TASK DIRECTIONS:
Start at the line with "Venta Departamento 4" and print every line through the end of the material below. Keep it exact and free of pictures.
__________________________________________________
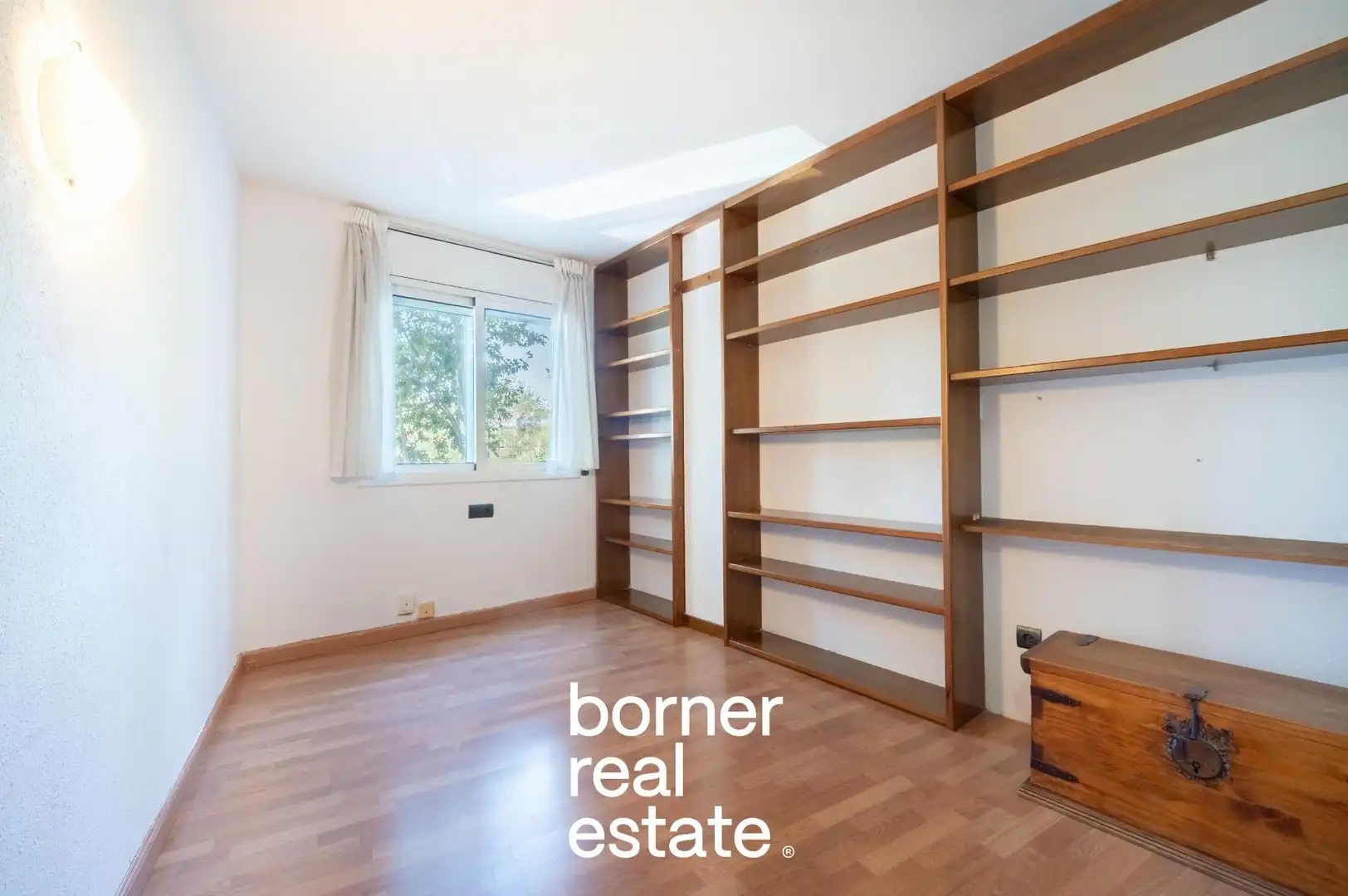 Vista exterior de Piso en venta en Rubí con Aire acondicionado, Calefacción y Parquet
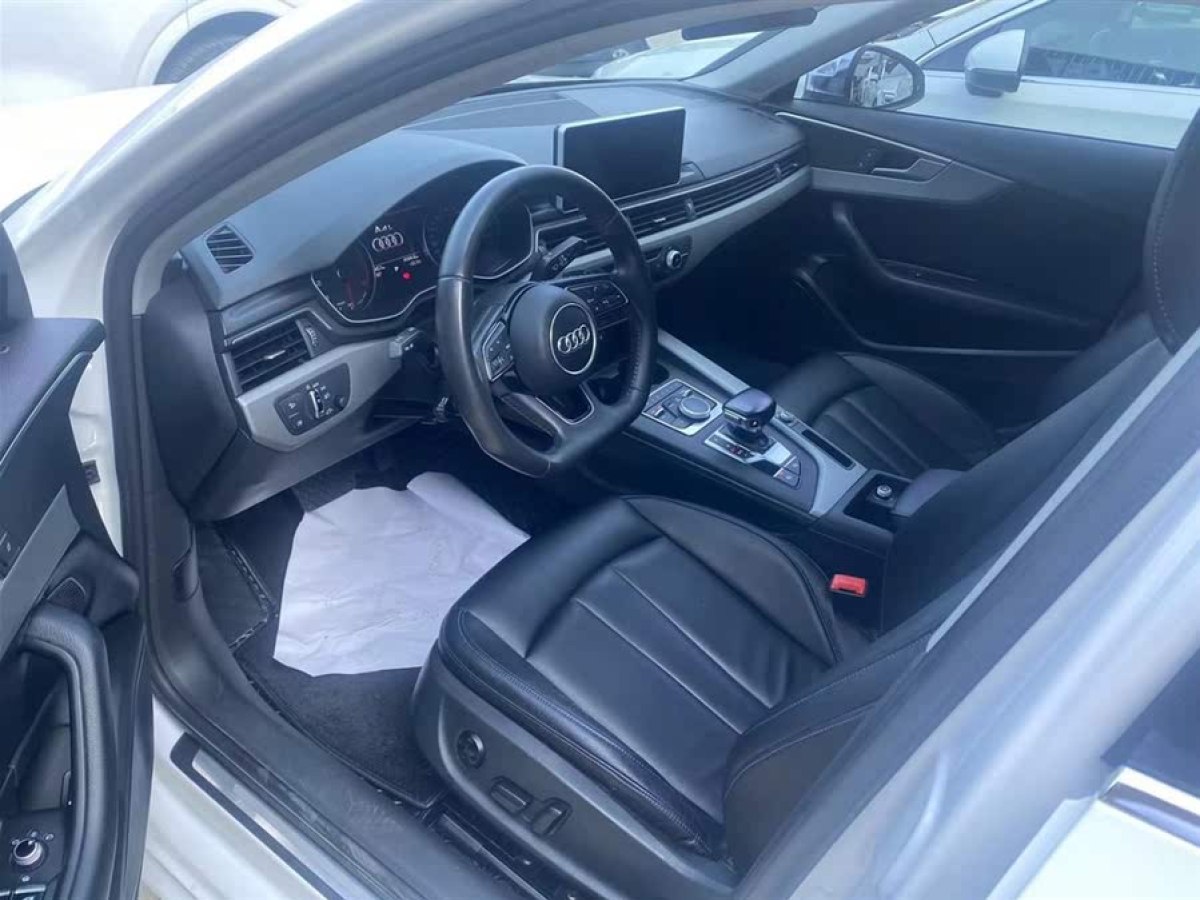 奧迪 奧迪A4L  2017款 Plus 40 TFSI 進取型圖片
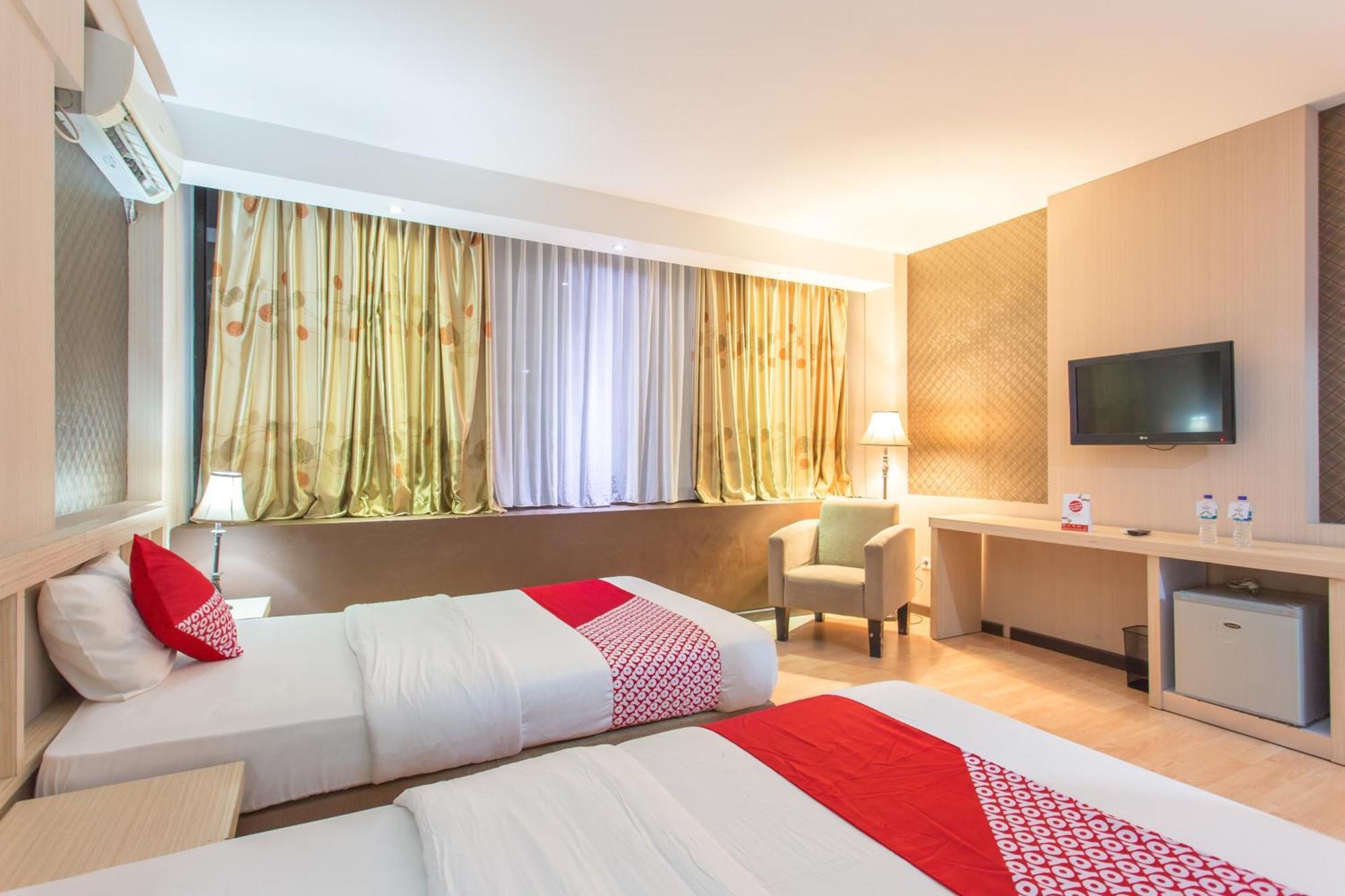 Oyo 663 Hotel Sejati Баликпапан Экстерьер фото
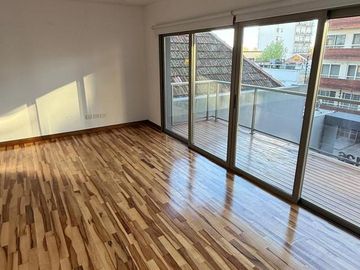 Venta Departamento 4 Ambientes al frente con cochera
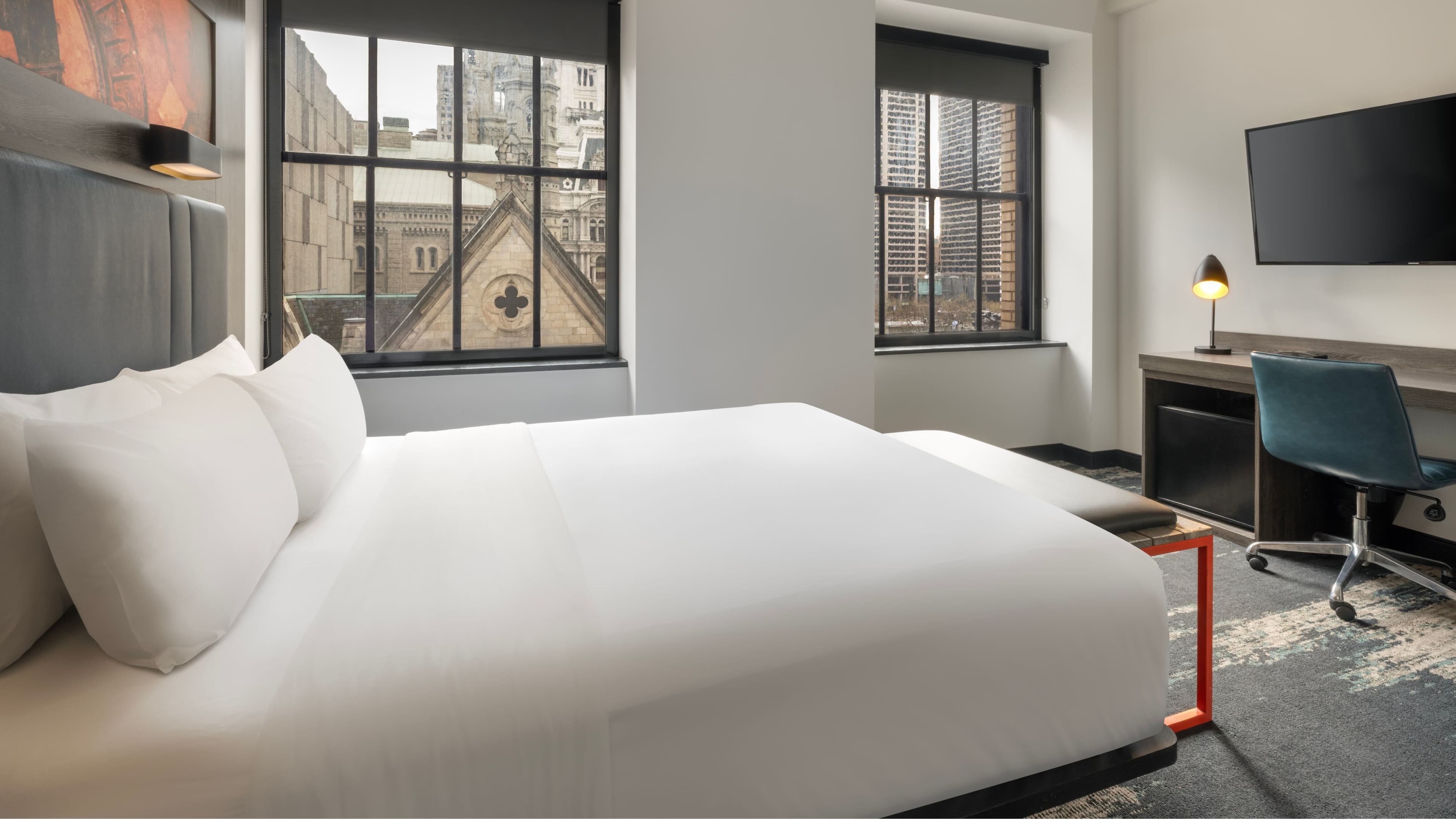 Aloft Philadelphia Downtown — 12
__________________________________________________
REPLY:
 Venta Departamento 4 Ambientes al frente con cochera
 Aloft Philadelphia Downtown — 12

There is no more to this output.